2012-06-15 Thread Johannes Totz
On 15/06/2012 13:22, Sašo Kiselkov wrote:
 On 06/15/2012 02:14 PM, Hans J Albertsson wrote:
 I've got my root pool on a mirror on 2 512 byte blocksize disks. I
 want to move the root pool to two 2 TB disks with 4k blocks. The
 server only has room for two disks. I do have an esata connector,
 though, and a suitable external cabinet for connecting one extra disk.
 
 How would I go about migrating/expanding the root pool to the
 larger disks so I can then use the larger disks for booting?

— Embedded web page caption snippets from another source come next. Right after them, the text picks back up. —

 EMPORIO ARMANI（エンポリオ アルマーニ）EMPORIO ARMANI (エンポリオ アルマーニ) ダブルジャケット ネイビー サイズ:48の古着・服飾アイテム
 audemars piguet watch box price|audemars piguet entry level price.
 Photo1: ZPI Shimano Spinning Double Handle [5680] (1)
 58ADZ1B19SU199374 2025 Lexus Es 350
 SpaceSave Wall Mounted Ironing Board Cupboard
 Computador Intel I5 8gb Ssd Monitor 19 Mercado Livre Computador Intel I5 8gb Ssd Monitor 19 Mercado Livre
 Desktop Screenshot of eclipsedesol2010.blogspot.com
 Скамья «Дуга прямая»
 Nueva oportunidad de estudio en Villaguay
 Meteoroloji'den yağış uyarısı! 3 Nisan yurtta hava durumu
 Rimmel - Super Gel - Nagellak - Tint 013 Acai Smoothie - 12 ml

 I have no extra machine to use.
 
 Suppose we call the disks like so:
 
   A, B: your old 512-block drives
   X, Y: your new 2TB drives
 
 The easiest way would be to simply:
 
 1) zpool set autoexpand=on rpool
 2) offline the A drive
 3) physically replace it with the X drive
 4) do a zpool replace on it and wait for it to resilver

When sector size differs, attaching it is going to fail (at least on fbsd).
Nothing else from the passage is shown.